Students are invited to submit a paper for the inaugural issue of the Augustine Collegiate Review: An Undergraduate Research Journal.” Papers should be written by undergraduate students only, 4,000 words in length, and related to the issue’s theme: metaphysics and ontology considered from a broadly Christian perspective. All submitted papers will be subject to a double-blind review process. To be considered, students must email their submissions to Arnold, who is the journal’s general editor, no later than Friday, March 31, 2017. No submissions will be considered after this date.
Students must include the following information about their paper: educational credentials, a letter of endorsement from a faculty member at their university, paper title and a short summary of the proposed paper explaining its focus and argument. All papers should adhere to journal guidelines that can be accessed at boycecollege.com/the-augustine-honors-collegium.

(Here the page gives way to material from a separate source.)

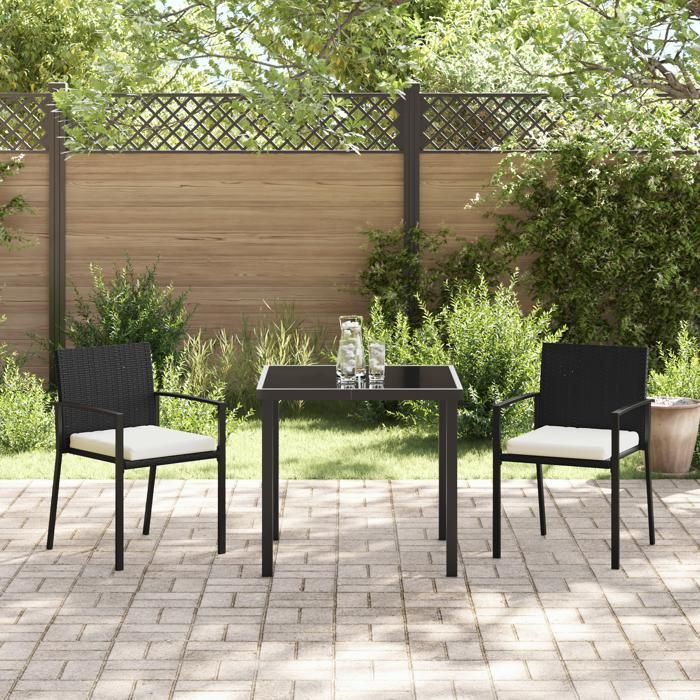 vidaXL Ensemble de Salle à Manger 3 Pièces de Jardin Noir Poly Rattan 3379233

Philosophy, politics and economics degree
The new bachelor of science in philosophy, politics and economics, as described by Southern Seminary President R. Albert Mohler Jr., is “another great step in the maturity and growth of Boyce College” and “one of the most significant and timely majors we could offer at this time, especially to young people who are going to be prepared to apply the Christian worldview to every dimension of life and to some of the most pressing challenges of our day in economics and politics.”
The interdisciplinary degree, in addressing the mounting challenges facing Christians in a globalized society, will advocate for religious liberty, public justice, human flourishing and the need for a holistic ministry, according the program’s website.
“Our mission is to serve the church, equipping young men and women with an education grounded in biblical truth that will prepare them for global Kingdom service,” said Matthew Hall, Boyce College’s dean. “In an age that is so deeply confused about what it means to be made in the image of God and what makes for human flourishing, this degree program aims to send out graduates for service in the church, the public square and the marketplace who will make a difference for Christ.”
While the program can prepare future pastors to lead their churches in engaging the public square, students also can use the degree to work for missions organizations and nonprofit organizations that need executives and staff trained in economics and public policy analysis.
The degree program includes 39 hours of studies in the philosophy, politics and economics major, which will be incorporated with 33 hours of biblical and theological studies courses and 12 hours of ministry studies courses.
Bryan Baise, assistant professor of worldview and apologetics and program director for the new degree, said it will provide “a unique opportunity for Southern Baptists to study key ideas placed into an interdisciplinary context with a philosophical and theological mind.”